## TASK BRIEF:
Using the data below, return word for word every line from the one holding "Vase de forme" down to the one holding "Palastartiges Bureau aus". Leave pictures out.

## DATA FOR ANALYSIS:
*** Begin section ***
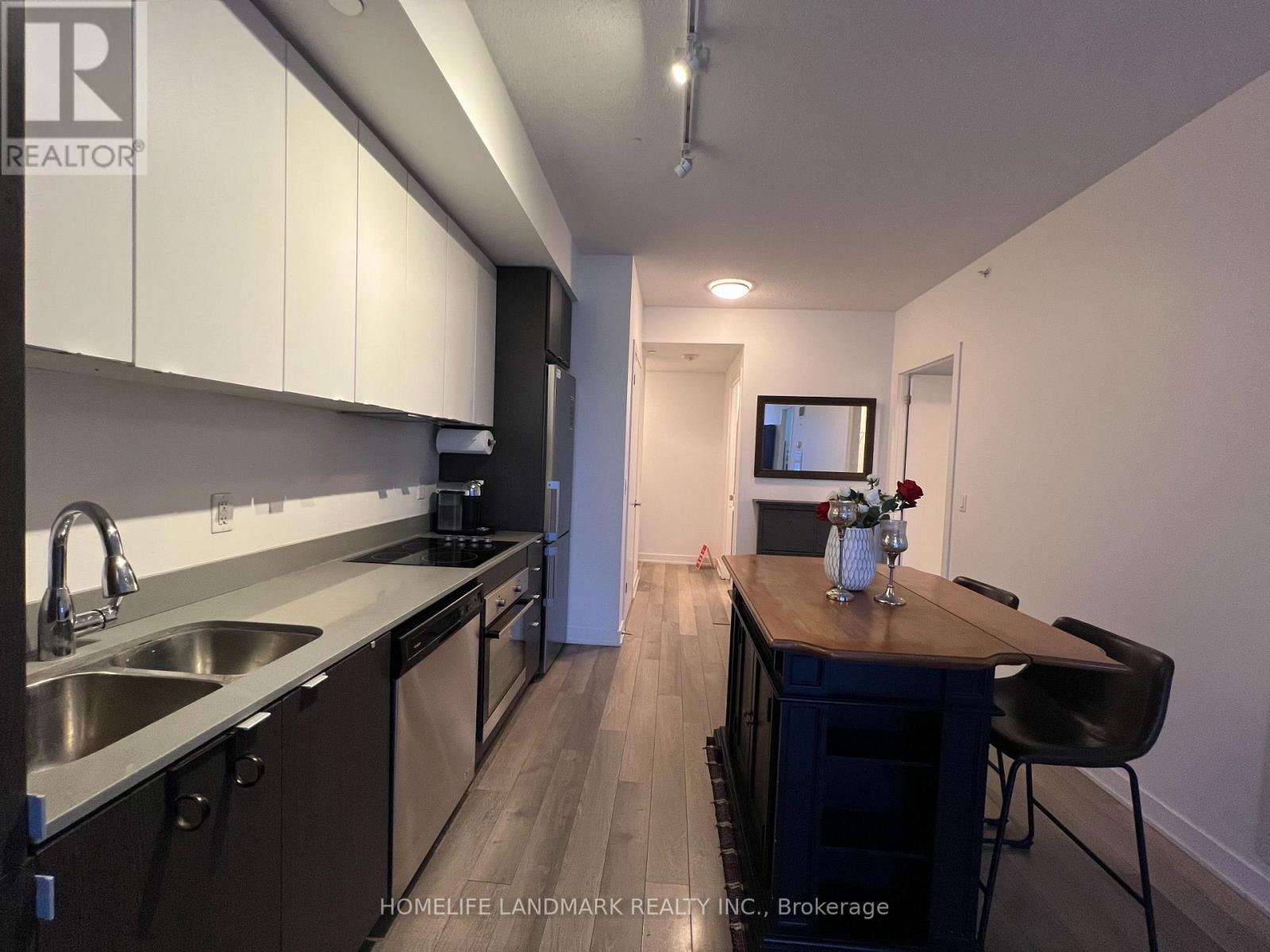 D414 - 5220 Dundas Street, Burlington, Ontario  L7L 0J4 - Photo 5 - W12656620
*** End section ***
*** Begin section ***
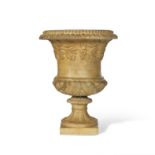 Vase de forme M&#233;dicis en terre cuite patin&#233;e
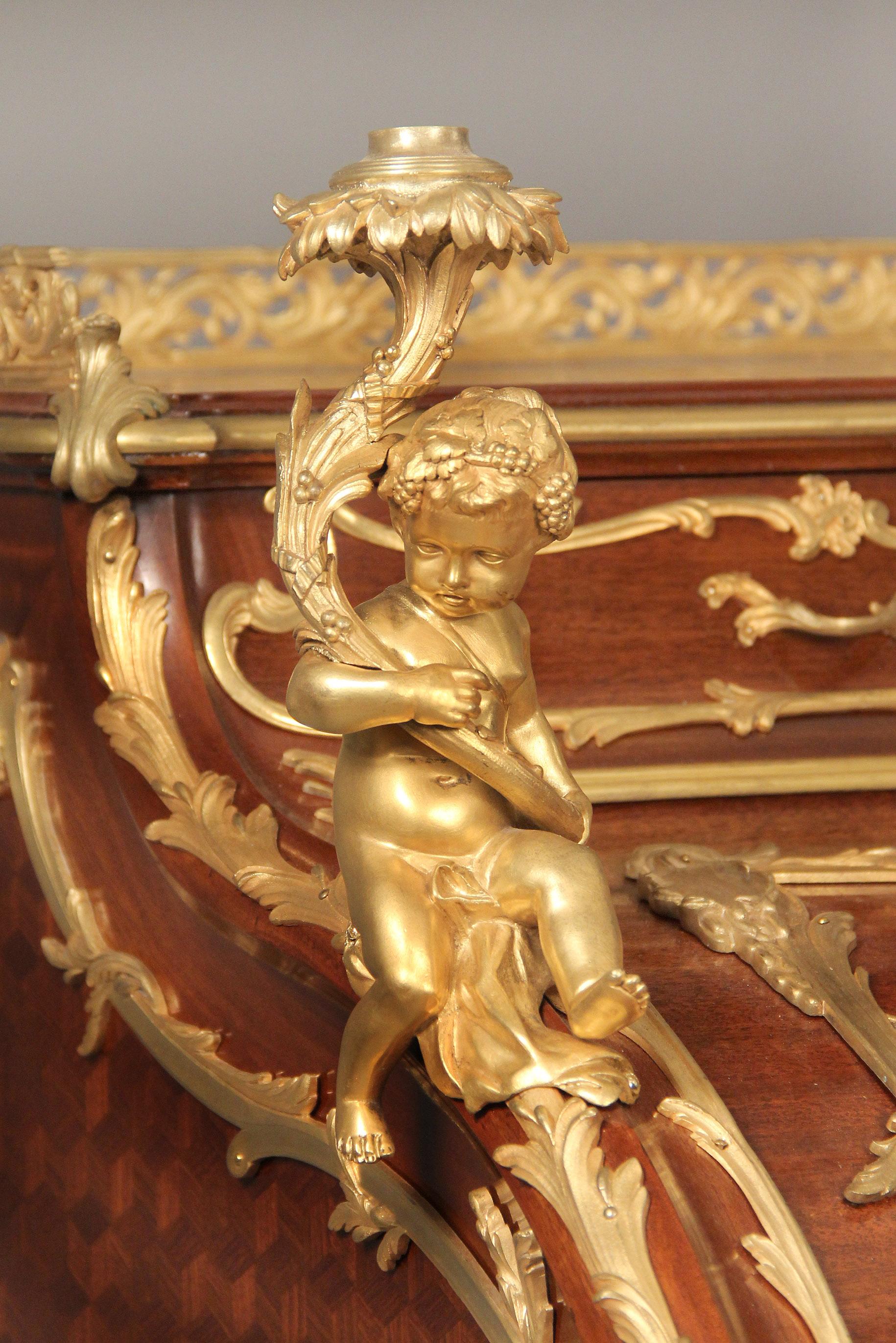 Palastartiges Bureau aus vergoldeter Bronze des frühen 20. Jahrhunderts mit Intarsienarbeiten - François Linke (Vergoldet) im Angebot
*** End section ***
## EXERCISE RESULT:
 Vase de forme M&#233;dicis en terre cuite patin&#233;e
 Palastartiges Bureau aus vergoldeter Bronze des frühen 20. Jahrhunderts mit Intarsienarbeiten - François Linke (Vergoldet) im Angebot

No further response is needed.